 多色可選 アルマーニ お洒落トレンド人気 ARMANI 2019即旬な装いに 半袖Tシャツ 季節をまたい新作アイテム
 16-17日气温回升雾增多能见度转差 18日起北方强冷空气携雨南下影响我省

--

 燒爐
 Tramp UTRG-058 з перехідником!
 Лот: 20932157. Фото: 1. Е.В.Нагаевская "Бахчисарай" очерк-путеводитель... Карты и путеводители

*What this task involves*
Your task is to transcribe, with no changes, only the lines of the listing above that lie between the line holding "多色可選 アルマーニ お洒落トレンド人気" and the line holding "16-17日气温回升雾增多能见度转差 18日起北方强冷空气携雨南下影响我省", inclusive.

*Answer section*
 多色可選 アルマーニ お洒落トレンド人気 ARMANI 2019即旬な装いに 半袖Tシャツ 季節をまたい新作アイテム
 16-17日气温回升雾增多能见度转差 18日起北方强冷空气携雨南下影响我省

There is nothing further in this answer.